Pesach is about taking our leave from the place we’ve sojourned for too long. It’s about packing what we can carry, whatever it is a Jewish slave in Egypt might have on hand – a Hebrew name, a few trinkets, the scars on our backs, a river of tears. Then going. Just going.
As if we, not only our forebears, lived in bondage thousands of years ago, I clean the kitchen, wondering if the ones who followed Moshe into the night were told by those who stayed behind It’s a hoax, It’s not as bad here as it appears, It will be worse for us if we leave. But we persisted, collecting our belongings along with whatever gold and silver we could find, as if they were nothing heavier than tiny bottles from a hotel minibar, souvenirs we were commanded to bring along for the road.

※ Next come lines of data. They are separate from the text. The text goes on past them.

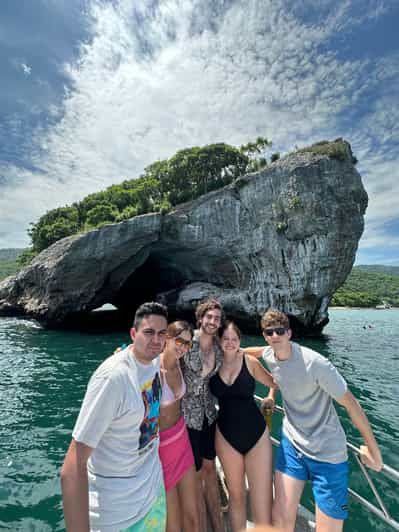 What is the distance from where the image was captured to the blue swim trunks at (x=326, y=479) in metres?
2.21

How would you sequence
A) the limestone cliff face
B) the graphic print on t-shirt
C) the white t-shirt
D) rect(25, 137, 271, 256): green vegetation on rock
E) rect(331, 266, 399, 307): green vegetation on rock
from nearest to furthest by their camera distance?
1. the white t-shirt
2. the graphic print on t-shirt
3. the limestone cliff face
4. rect(25, 137, 271, 256): green vegetation on rock
5. rect(331, 266, 399, 307): green vegetation on rock

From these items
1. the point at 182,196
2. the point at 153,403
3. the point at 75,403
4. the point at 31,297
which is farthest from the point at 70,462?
the point at 182,196

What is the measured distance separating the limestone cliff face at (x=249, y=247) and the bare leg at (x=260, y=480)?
1870 cm

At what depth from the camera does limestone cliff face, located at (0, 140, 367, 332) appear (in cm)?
1938

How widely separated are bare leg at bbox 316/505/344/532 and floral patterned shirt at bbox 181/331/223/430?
1.15 m

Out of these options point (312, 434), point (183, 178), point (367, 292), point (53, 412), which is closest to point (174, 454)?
point (312, 434)

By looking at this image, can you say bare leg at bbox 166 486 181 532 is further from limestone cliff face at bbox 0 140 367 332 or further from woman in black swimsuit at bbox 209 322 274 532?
limestone cliff face at bbox 0 140 367 332

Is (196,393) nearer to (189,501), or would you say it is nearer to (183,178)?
(189,501)

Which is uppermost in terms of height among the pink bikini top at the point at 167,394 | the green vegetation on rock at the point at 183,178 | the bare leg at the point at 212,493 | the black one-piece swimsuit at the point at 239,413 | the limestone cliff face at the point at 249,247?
the green vegetation on rock at the point at 183,178

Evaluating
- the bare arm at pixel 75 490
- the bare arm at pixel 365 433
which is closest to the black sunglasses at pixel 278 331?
the bare arm at pixel 365 433

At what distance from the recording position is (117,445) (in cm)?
164

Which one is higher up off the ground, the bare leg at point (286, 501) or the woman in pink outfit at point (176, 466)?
the woman in pink outfit at point (176, 466)

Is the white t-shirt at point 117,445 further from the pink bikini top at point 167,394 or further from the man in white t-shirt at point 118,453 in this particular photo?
the pink bikini top at point 167,394

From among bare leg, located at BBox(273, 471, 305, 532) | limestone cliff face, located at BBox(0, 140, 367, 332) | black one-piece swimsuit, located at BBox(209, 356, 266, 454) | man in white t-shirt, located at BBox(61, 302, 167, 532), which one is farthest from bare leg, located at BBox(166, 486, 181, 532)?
limestone cliff face, located at BBox(0, 140, 367, 332) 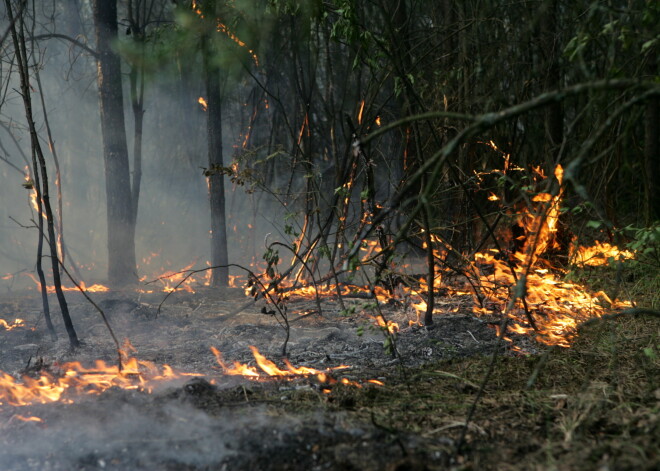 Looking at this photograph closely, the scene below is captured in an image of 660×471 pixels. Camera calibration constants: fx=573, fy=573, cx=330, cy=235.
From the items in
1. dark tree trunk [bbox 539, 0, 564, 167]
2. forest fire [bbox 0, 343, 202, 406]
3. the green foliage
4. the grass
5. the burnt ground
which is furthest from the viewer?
dark tree trunk [bbox 539, 0, 564, 167]

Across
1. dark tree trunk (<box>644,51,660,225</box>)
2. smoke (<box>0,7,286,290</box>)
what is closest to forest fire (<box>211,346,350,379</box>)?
dark tree trunk (<box>644,51,660,225</box>)

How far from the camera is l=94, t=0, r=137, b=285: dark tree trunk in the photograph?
358 inches

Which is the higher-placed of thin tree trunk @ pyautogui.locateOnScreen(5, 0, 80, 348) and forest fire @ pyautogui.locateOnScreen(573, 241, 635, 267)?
thin tree trunk @ pyautogui.locateOnScreen(5, 0, 80, 348)

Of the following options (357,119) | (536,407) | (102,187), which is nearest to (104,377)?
(536,407)

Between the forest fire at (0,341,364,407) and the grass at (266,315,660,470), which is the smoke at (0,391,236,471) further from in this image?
the grass at (266,315,660,470)

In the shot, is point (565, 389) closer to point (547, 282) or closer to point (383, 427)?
point (383, 427)

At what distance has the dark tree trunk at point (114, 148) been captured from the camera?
358 inches

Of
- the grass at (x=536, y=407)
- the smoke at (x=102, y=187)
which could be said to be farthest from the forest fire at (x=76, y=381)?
the smoke at (x=102, y=187)

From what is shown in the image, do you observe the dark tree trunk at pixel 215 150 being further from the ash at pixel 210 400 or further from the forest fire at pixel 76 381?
the forest fire at pixel 76 381

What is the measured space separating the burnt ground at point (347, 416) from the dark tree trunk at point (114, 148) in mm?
5080

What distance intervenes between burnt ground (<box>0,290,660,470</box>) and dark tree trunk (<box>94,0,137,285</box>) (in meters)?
5.08

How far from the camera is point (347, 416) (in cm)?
264

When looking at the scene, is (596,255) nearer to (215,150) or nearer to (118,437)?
(118,437)

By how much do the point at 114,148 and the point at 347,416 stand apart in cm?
776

Meanwhile, I disinfect by day and sleep the sleep of the restless by night, dreaming of the One who never slumbers on His watch. I imagine our final days in Egypt – the frogs and the bloody Nile, the fiery hail and the locusts. But mostly I hear the silence and fear of that last night, the holding of breath and the whispering to the G-d of awe and wonder: Please let the Angel of Death pass us by when he sweeps through town.

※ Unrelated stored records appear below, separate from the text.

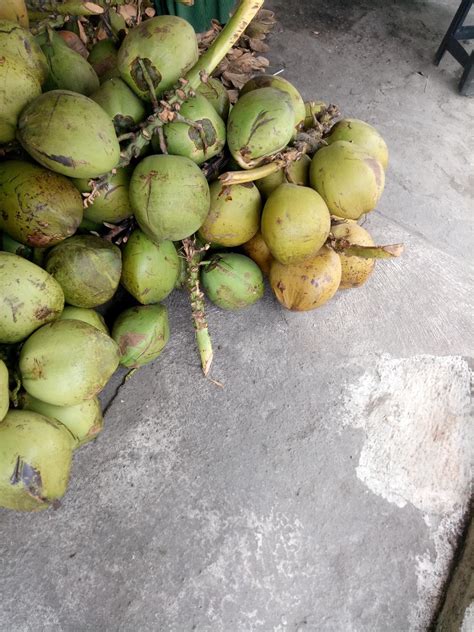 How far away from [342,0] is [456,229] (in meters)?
2.54

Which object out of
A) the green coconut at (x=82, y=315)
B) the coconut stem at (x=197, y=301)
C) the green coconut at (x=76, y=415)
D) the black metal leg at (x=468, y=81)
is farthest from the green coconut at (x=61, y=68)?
the black metal leg at (x=468, y=81)

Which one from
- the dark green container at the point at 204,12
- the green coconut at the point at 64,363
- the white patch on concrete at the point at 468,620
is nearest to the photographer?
the green coconut at the point at 64,363

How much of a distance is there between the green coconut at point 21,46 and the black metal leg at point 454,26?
10.5 feet

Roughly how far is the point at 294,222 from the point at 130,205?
0.55 meters

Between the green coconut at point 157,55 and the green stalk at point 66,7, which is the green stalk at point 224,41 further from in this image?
the green stalk at point 66,7

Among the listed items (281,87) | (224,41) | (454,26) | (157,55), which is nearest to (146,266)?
(157,55)

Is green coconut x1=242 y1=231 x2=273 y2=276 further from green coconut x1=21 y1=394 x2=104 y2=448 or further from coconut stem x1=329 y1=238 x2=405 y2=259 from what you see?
green coconut x1=21 y1=394 x2=104 y2=448

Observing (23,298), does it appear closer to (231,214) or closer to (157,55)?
(231,214)

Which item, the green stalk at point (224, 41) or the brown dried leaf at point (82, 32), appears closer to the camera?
the green stalk at point (224, 41)

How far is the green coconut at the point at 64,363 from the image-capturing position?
1.49 m

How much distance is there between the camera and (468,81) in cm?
366

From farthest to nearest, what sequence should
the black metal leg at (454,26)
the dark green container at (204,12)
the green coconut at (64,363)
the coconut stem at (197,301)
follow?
the black metal leg at (454,26)
the dark green container at (204,12)
the coconut stem at (197,301)
the green coconut at (64,363)

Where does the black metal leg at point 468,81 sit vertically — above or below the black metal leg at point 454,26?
below

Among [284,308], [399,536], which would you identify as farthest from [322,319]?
[399,536] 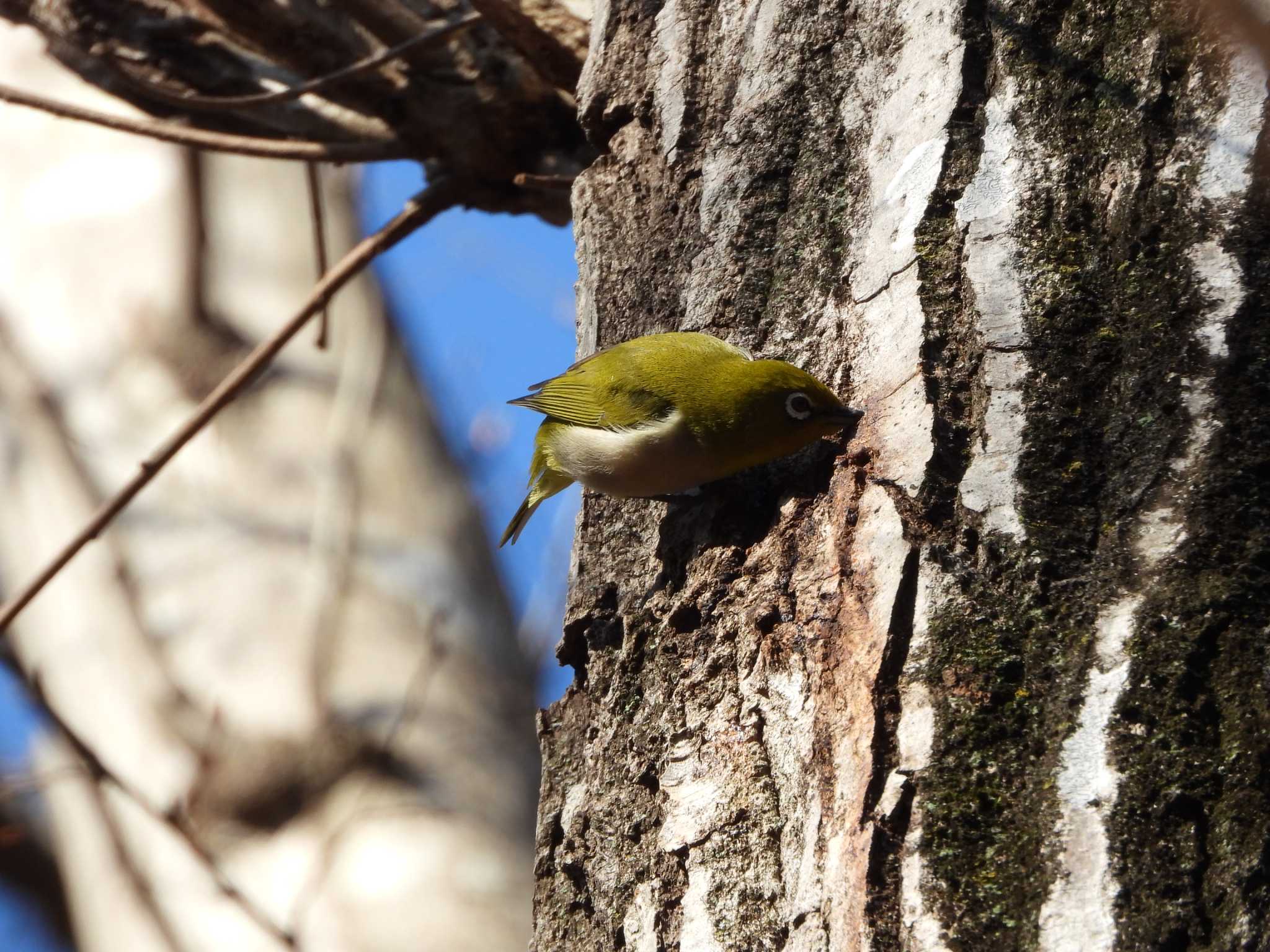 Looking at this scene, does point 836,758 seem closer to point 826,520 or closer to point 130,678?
point 826,520

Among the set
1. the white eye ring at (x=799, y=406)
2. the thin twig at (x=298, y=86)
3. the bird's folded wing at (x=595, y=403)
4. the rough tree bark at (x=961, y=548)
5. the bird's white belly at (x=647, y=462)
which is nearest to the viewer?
the rough tree bark at (x=961, y=548)

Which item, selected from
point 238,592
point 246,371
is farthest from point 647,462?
point 238,592

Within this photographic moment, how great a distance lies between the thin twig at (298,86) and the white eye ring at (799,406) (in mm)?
1649

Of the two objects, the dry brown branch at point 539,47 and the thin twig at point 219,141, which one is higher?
the dry brown branch at point 539,47

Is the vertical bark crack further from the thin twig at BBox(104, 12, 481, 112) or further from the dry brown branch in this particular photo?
the thin twig at BBox(104, 12, 481, 112)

I awake knowing that this Pesach night will be different from all the other Pesach nights in my lifetime. Not only because we will be fewer in number around the seder table or dressed in our pajamas. The maror and salt water seem redundant. Are we even permitted to let Eliyahu come inside? And yet, the trembling in the darkness has an authenticity, a tangibility in the present, that takes us back to Exodus.
All of this is more than any of us can carry. Even the bread of our affliction, the fragile, unleavened matzah that is the emblem of it all, is heavy with the weight of the times. The Hagadah may still tell of our grand departure from Egypt, when we tucked our mortal hands into G-d’s magnificent outstretched one and took Him up on His miracle. But this year, Pesach is about doing everything we can to go nowhere. If we find no other meaning in the holiday, I pray: Let it be that.